Squeeze Theorem/Sequences/Complex Numbers

From ProofWiki
Jump to: navigation, search

Theorem

Let $\left \langle {a_n} \right \rangle$ be a sequence in $\R$ which is null, that is:

$a_n \to 0$ as $n \to \infty$

Let $\left \langle {z_n} \right \rangle$ be a sequence in $\C$.

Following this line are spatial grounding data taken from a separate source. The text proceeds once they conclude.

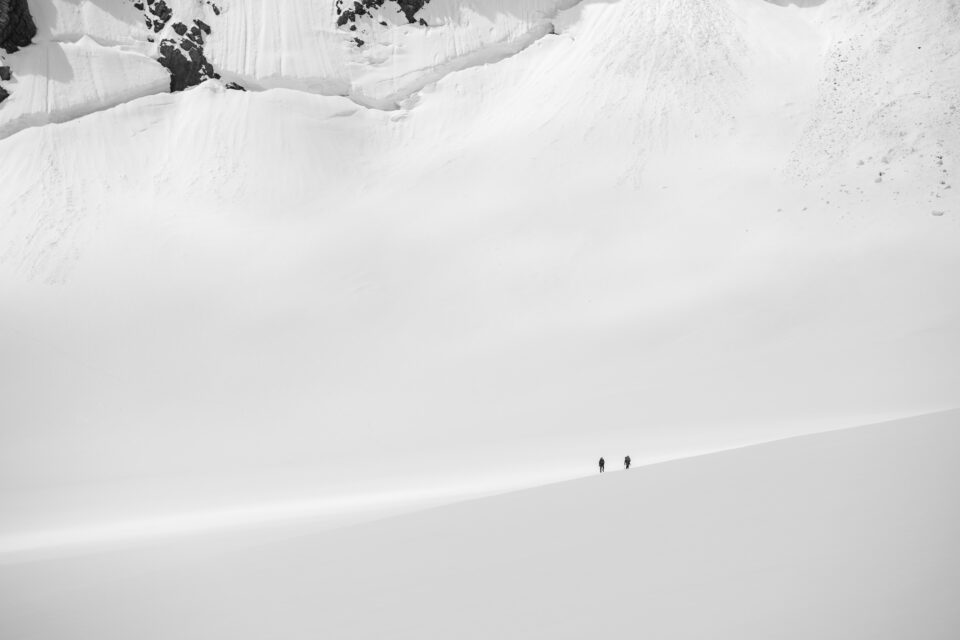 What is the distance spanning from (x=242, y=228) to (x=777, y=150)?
22.6m

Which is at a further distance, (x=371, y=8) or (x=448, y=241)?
(x=371, y=8)

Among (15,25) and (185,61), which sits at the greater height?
(15,25)

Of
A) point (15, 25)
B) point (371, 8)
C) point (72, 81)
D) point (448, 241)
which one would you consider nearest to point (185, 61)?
point (72, 81)

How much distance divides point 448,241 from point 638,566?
22.4 metres

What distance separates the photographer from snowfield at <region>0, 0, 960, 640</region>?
6957 millimetres

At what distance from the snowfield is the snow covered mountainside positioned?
5.5 inches

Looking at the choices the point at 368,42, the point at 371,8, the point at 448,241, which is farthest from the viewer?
the point at 371,8

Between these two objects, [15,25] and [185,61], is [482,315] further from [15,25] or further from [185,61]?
[15,25]

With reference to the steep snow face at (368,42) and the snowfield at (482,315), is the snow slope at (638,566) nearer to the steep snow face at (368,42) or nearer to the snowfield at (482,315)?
the snowfield at (482,315)

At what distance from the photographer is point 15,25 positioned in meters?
35.6

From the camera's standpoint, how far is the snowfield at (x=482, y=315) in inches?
274

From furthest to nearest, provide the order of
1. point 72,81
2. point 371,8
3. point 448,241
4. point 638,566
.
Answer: point 371,8 < point 72,81 < point 448,241 < point 638,566

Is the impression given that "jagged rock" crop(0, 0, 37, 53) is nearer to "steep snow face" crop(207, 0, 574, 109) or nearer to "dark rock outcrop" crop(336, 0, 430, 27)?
"steep snow face" crop(207, 0, 574, 109)

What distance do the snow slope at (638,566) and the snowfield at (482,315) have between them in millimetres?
45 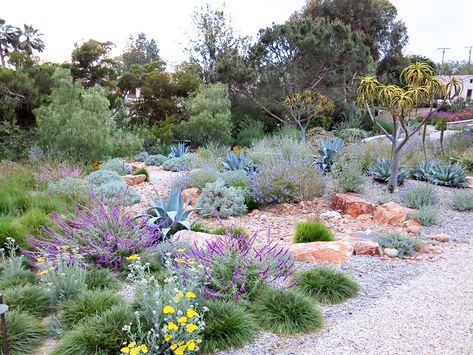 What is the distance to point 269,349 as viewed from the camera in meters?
2.55

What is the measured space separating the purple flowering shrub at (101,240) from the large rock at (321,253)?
4.60ft

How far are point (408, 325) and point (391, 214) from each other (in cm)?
275

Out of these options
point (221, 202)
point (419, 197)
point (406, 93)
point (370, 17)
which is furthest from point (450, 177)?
point (370, 17)

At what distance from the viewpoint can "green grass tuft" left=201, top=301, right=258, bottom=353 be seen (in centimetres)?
251

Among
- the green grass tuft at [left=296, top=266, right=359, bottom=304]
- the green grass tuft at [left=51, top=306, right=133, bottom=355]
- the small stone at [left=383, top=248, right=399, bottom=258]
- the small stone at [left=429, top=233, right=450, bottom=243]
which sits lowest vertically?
the small stone at [left=429, top=233, right=450, bottom=243]

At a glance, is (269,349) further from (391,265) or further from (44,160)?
(44,160)

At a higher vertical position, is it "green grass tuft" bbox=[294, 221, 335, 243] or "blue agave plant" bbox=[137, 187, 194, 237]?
"blue agave plant" bbox=[137, 187, 194, 237]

Suppose $\left \langle {a_n} \right \rangle$ dominates $\left \langle {z_n} \right \rangle$.

That is, suppose that:

$\forall n \in \N: \left|{z_n}\right| \le a_n$


Then $\left \langle {z_n} \right \rangle$ is a null sequence.


Proof

In order to show that $\left \langle {z_n} \right \rangle$ is a null sequence, we want to show that:

$\forall \epsilon > 0: \exists N: \forall n > N: \left|{z_n}\right| < \epsilon$

But since $\left \langle {a_n} \right \rangle$ is a null sequence:

$\exists N: \forall n > N: a_n < \epsilon$

So, using this value of $n$, we have: $\left \vert {z_n} \right \vert \le a_n < \epsilon$

Thus $\left\langle{ z_n }\right\rangle$ is a null sequence.

$\blacksquare$


Also known as

This result is also known, in the UK in particular, as the sandwich theorem.